Material shown.
^^^^^^^^^^^^^^^^
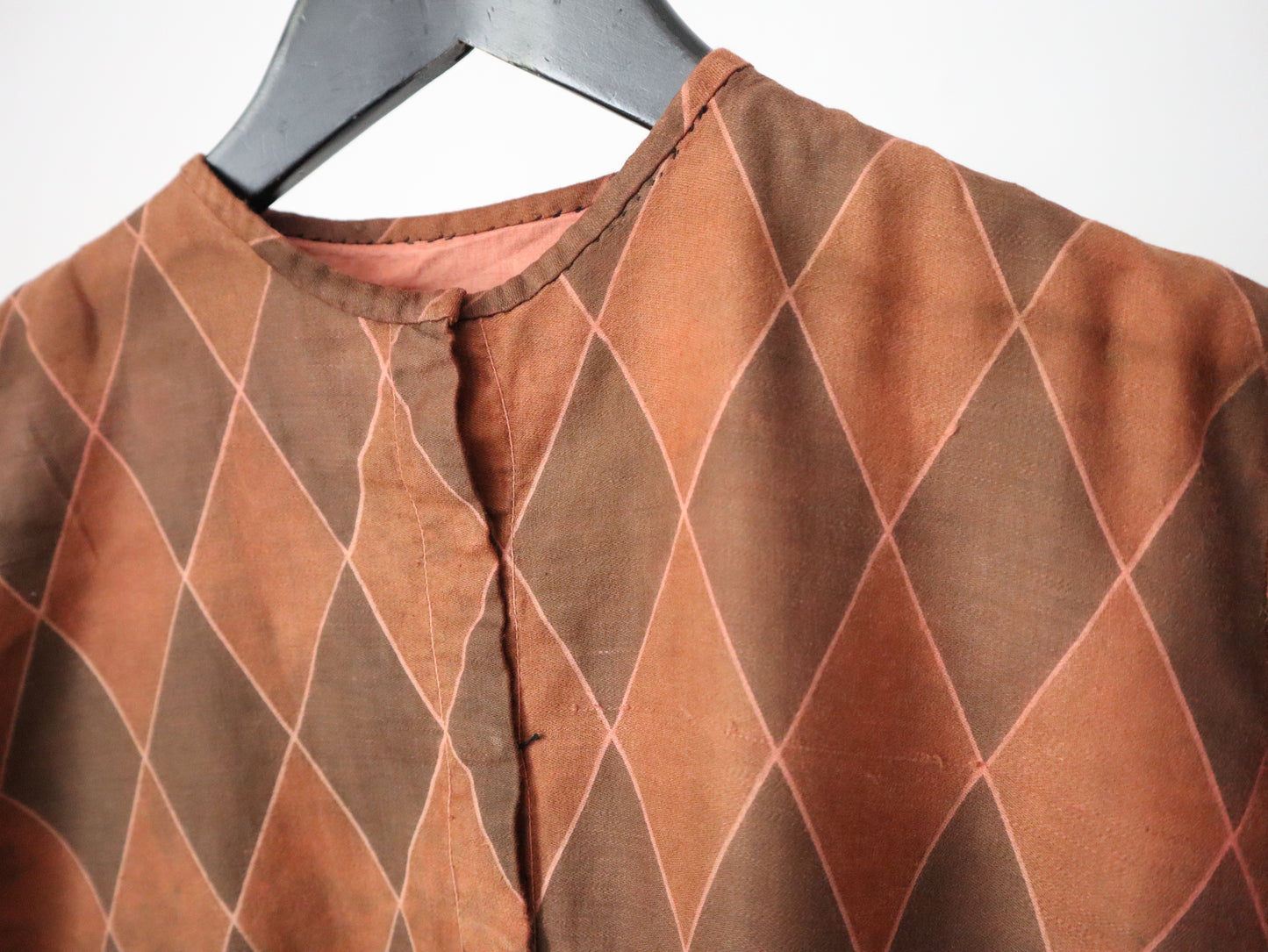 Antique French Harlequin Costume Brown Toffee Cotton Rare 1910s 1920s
^^^^^^^^^^^^^^^^
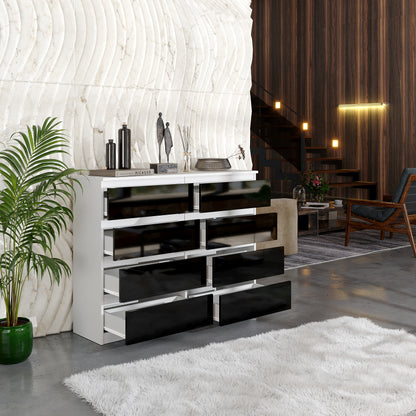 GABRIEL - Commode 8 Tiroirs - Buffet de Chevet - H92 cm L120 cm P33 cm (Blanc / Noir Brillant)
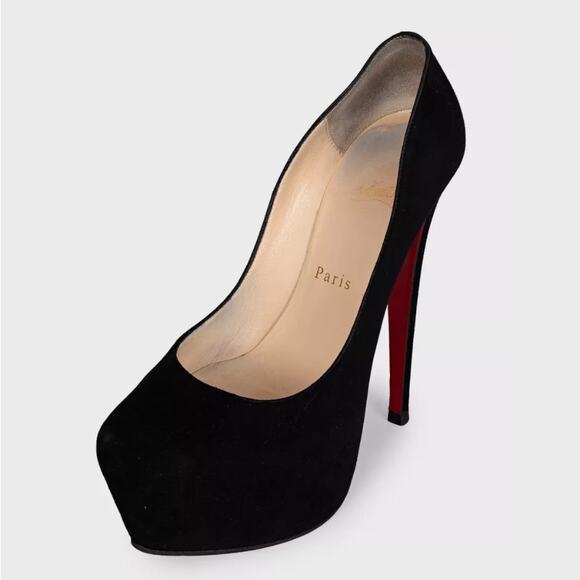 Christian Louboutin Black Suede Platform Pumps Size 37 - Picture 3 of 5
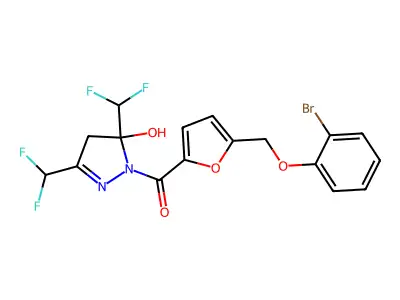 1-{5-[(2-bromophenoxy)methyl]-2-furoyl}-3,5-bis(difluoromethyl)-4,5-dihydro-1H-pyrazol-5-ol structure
^^^^^^^^^^^^^^^^
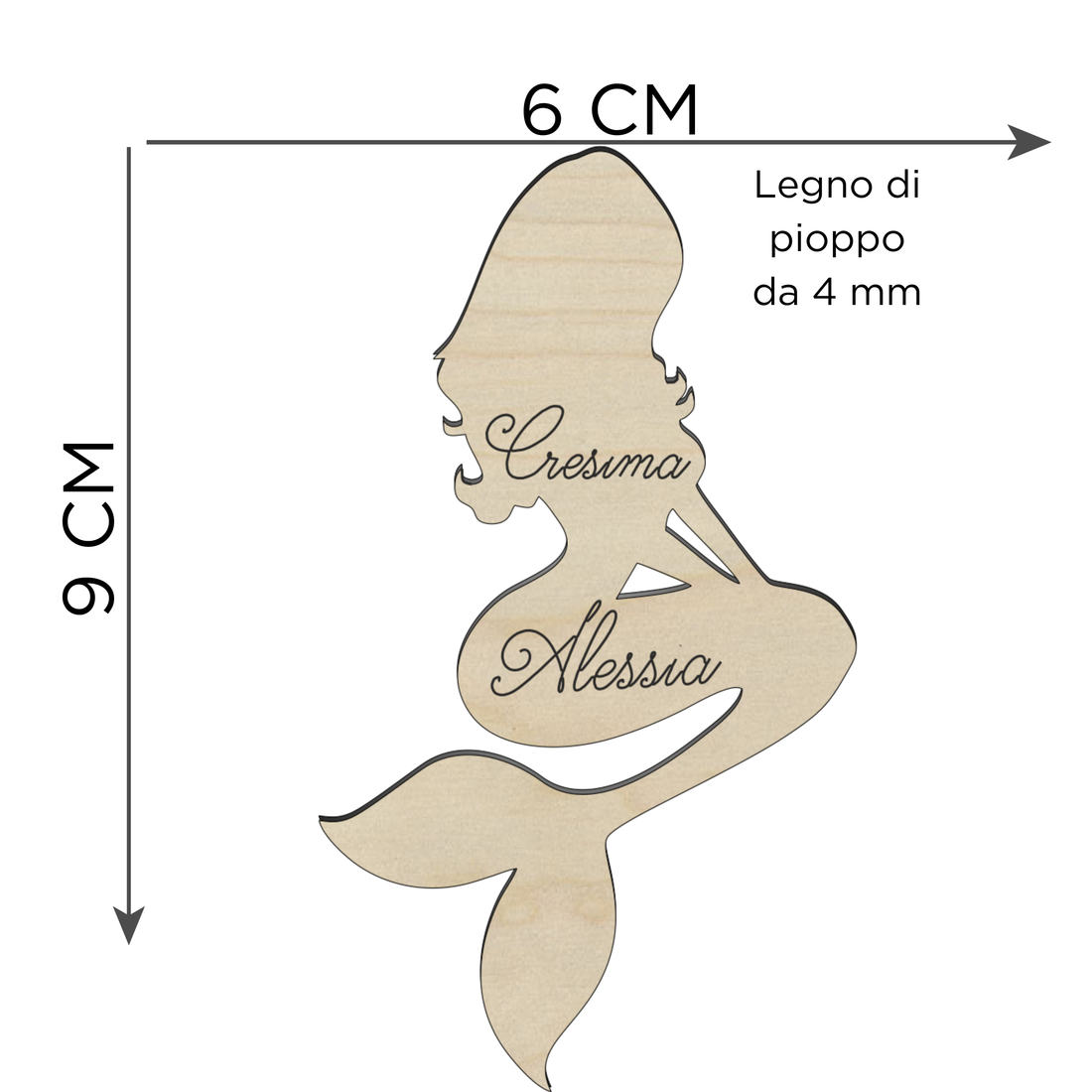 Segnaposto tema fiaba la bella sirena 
^^^^^^^^^^^^^^^^
Copy only this from above: the line containing "GABRIEL - Commode", the line containing "Christian Louboutin Black", and all lines between, printed exactly. Leave out the pictures.

 GABRIEL - Commode 8 Tiroirs - Buffet de Chevet - H92 cm L120 cm P33 cm (Blanc / Noir Brillant)
 Christian Louboutin Black Suede Platform Pumps Size 37 - Picture 3 of 5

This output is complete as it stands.